Task force releases final report recommendations in wake of PGCPS child sex abuse scandal

It has been three months since the Prince George's County community was shaken by the arrest of an elementary school volunteer on child abuse and pornography charges. Deonte Carraway is in jail awaiting trial on federal charges.

On Tuesday, the Prince George's County Public Schools Task Force that was formed in the wake of that scandal issued its final report.

During the meeting on Tuesday, Prince George's County Public Schools said that over the course of three months, the task force met a minimum of 30 times and more than 500 hours.

The report shows that major flaws exist in the school system when it comes to training of its own staff on detecting and reporting sexual abuse of students. There are 61 areas the task force wants schools to consider and five recommendations on reporting, accountability, oversight, precautions and curriculum.

Prince George's County Public Schools CEO Dr. Kevin Maxwell is promising to immediately accept the recommendations.

"It was heinous, it was awful, it was terrible, it shouldn't have happened," Maxwell said. "But I have 200 some other schools where it did not happen, and so again, when we are talking about the difference between systemic and non-systemic, we had a problem and we know that we need to do better going forward."

The report says Prince George's County Public Schools' training on sexual abuse never gave employees specific information on what to look for in a child that has been abused or how to detect behaviors that an abuser would use to gain access to victims.

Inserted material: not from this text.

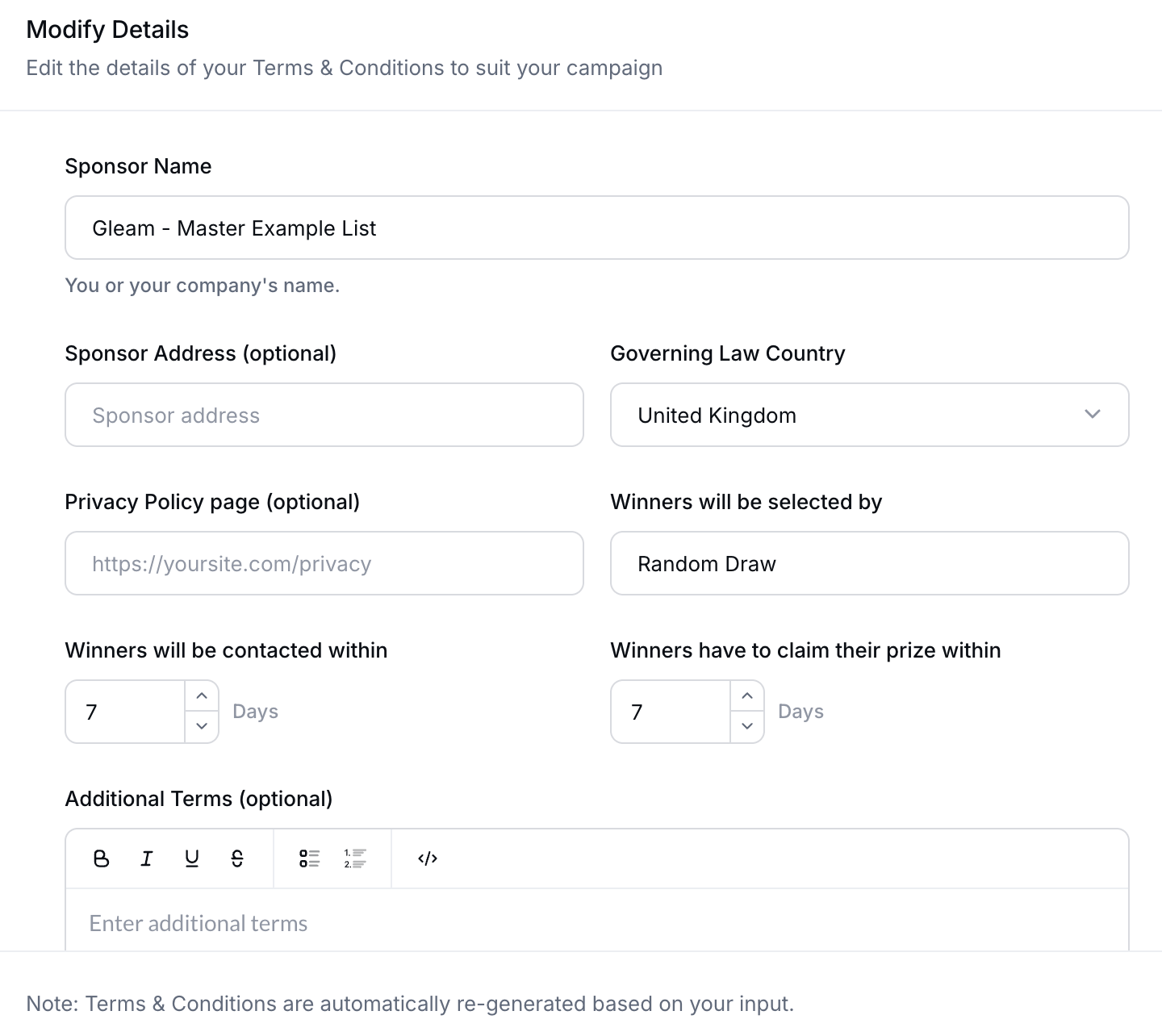 Gleam interface with custom terms and conditions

The report also says that training was not only vague and unclear, but badly outdated given current day understanding of predatory sexual abuse of children.

Carraway is facing several child pornography and child sex abuse charges in connection with his work at the Judge Sylvania Woods Elementary School.

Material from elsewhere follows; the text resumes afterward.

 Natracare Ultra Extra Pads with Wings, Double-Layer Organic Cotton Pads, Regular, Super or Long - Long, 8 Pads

Charlene Dukes, the chair of the task force, defended the decision not to interview any relatives of Carraway's alleged victims or the principal, teachers or staff at Judge Sylvania Woods.

Dukes said the task force's job was to make policy recommendations.

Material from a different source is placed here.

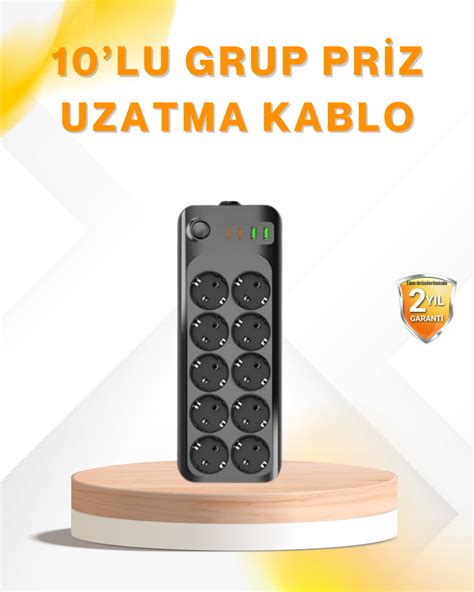 10’lu Çoklu Priz Termal Korumalı USB Type-C Çıkışlı 2500W Uzatma ...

"The first thing you have to understand is what the charge of the task force was and it was not to investigate the Carraway situation," Dukes said. "So that's the first thing - it's to understand the charge that we were given. We were given a charge to look forward in terms of what this school system might do, could do and would do."

There were no public hearings for this task force, but they accepted all public comments online.

We spoke with the mother of one of the alleged victims in the Carraway case. She said she was not satisfied with this report and that the task force did not speak with victims' families.

"I got a real problem with this," she said. "If they don't talk to us, it just looks like they are hiding something."